The focus at the Pumpkin Fest, of course, is projectiles, and so during the past year, the Mad Scientists Club designed and built Johnny Pumpkinseed, a state-of-the-art pneumatic gun. While the slingshots battled to fling their squashes to places ever more distant, NASA's biggest technical hurdle was ratcheting back its machine's capability.

Several weeks ago, the club towed the gun up to the WHAC shooting range for a tryout. It performed outstandingly, launching a pumpkin just over a half mile and leaving a deep impact crater where the gourd eventually landed. Everyone agreed it was a very satisfying toss.

Unfortunately, the limit of the DeLaney range is a compact 1,000 feet, so NASA reluctantly decreased the gun's air pressure. Not enough, though, and the first test shot easily cleared the range, soared over a small grove of trees and landed on a not-so-nearby driving range. "The greenskeeper was cool," says Bill Lemieux, a founding member of the club and its chief designer. "And the golfers kind of liked it."

Eventually, the scientists managed to throttle back the gun appropriately, and by contest time, their pumpkins are landing on the designated range. Still, Denver Recycles, the sponsor of the event, doesn't seem quite sure what to do with NASA, and so first place is awarded to Caveman.com's giant slingshot and its surgical-tube-powered hurl of 519 feet. "We were just looking for some bragging rights," sighs Llewellin.

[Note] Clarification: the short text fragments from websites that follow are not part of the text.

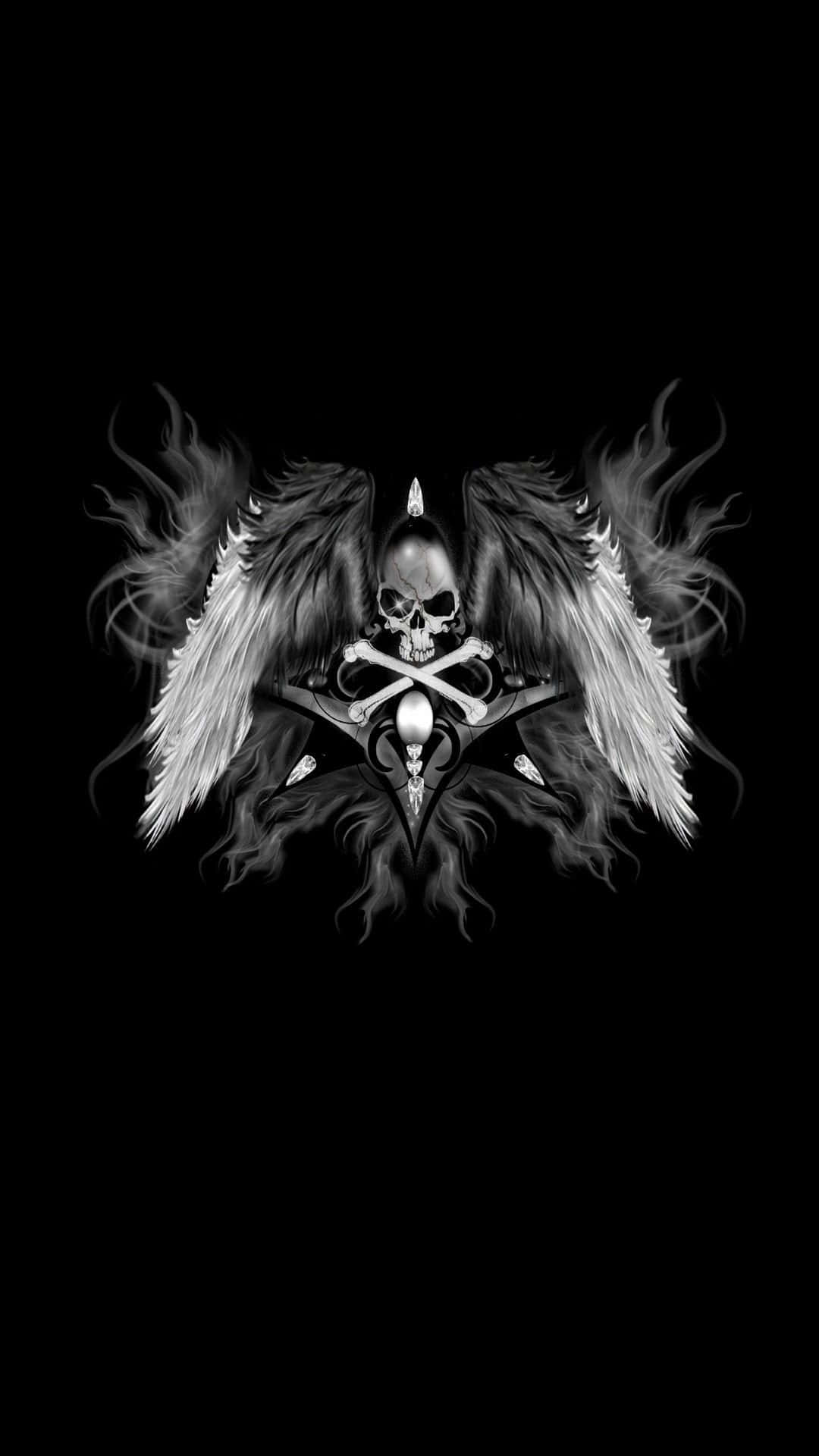 A Skull And Wings On A Black Background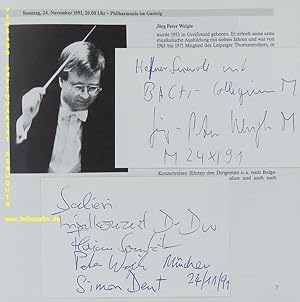 Bild des Verkufers fr 2 eigenhndig signierte und datierte Autogrammkarten. (Musiker + Dirigent) zum Verkauf von Antiquariat Bebuquin (Alexander Zimmeck)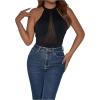 imageSweatyRocks Womens Sleeveless Scoop Neck High Cut Skinny Mesh Tank Top BodysuitSolid Black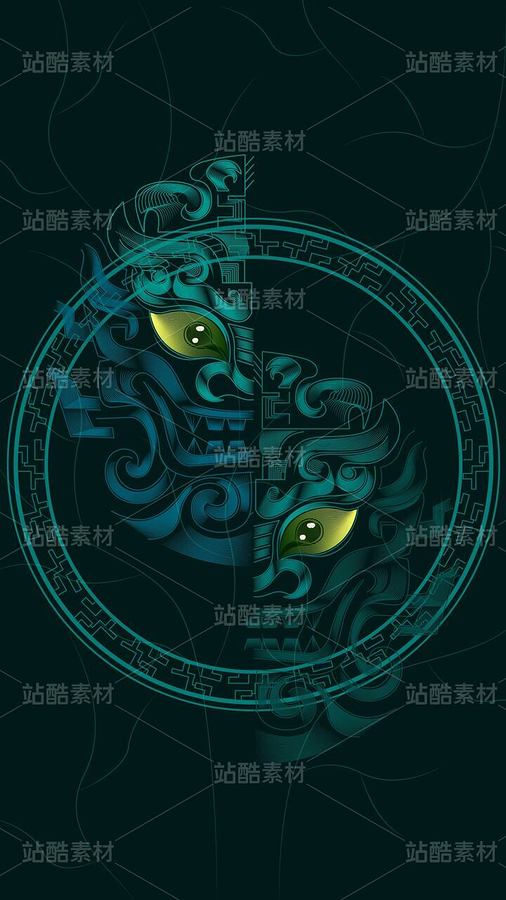 线条插画《青纹饕餮璧》（主预览-12358379） - 未分类 - 站酷设计师芥菜籽暖心原创素材 - 站酷ZCOOL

But in the end, the geeks get those, too. A member of the Mad Scientists Club, an emergency medical technician as well as an engineer, is the first to help out when a member of the Gateway Rotary team suffers the event's only blood injury.

"We had tried to extend the [catapult] arm, but the joint broke, and it flew back and hit one of our guys in the top of the head," says Gateway team captain Butch Shoup. "We're going to try a different design next year."